« Accord d’Abraham » : les Émirats arabes unis ciblés par une campagne de boycott
Une vingtaine d’anciens lauréats, présélectionnés, membres du jury et ex-membres du conseil d’administration du Prix international de la fiction arabe (IPAF, appelé communément « Arabic Booker Prize ») ont appelé l’administration de ce prix, l’un des plus prestigieux du monde arabe, à refuser tout financement des Émirats arabes unis (EAU) après la conclusion de l’« accord d’Abraham » entre les EAU et Israël.
« Cette stratégie d’alliance avec Israël inclura tous les domaines, y compris celui de la culture »
- Des intellectuels arabes
L’appel a été lancé par le romancier palestinien Ibrahim Nasrallah, lauréat du Prix de la fiction arabe 2018 pour son livre The Second War of the Dog.
L’IPAF est financé par le département du Tourisme et de la Culture d’Abou Dabi, depuis sa création en 2007, et est soutenu par la Booker Prize Foundation de Londres.
Dans son texte publié sur Facebook et signé par les ex-lauréats et ex-jury de ce prix, Ibrahim Nasrallah considère « qu’à la lumière de la normalisation officielle des Émirats arabes unis avec l’entité colonialiste israélienne qui représente la pire des occupations à travers le monde […] nous appelons les secrétaires généraux du prix à assumer leur responsabilité culturelle historique pour protéger ce prix en cessant tout financement émirati ».
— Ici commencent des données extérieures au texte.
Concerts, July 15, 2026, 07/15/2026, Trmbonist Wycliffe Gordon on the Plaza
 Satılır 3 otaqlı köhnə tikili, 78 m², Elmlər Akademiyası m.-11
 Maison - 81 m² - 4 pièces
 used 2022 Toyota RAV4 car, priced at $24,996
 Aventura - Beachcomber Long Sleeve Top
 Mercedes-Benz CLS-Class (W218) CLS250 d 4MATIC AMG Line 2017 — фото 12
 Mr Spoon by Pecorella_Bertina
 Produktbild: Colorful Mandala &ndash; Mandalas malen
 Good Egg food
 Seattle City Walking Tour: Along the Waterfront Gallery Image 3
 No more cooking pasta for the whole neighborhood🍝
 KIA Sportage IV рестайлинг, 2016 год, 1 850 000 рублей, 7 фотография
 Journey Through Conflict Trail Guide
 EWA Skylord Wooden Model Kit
Les EAU abrogent le boycott d’Israël
Pour l’écrivain palestinien et ses cosignataires, dont l’écrivian libanais Elias Khoury, le romancier marocain Bensalem Himmich, le critique libanais Pierre Abi Saab ou l’universitaire palestinien Khaled Hroub, ancien membre du conseil d’administration du prix, l’objectif est de libérer le prix des financements étatiques afin de préserver son indépendance.
Les hommes de lettres signataires affirment être « soucieux de l’indépendance de la culture arabe et des intellectuels face à la dévastation politique opérée par certains régimes, et cela découle également du récent mouvement de normalisation mené par les Émirats arabes unis ».
Les intellectuels arabes craignent les conséquences des « déclarations de responsables émiratis » car, à leurs yeux, « cette stratégie d’alliance avec Israël inclura tous les domaines, y compris celui de la culture ».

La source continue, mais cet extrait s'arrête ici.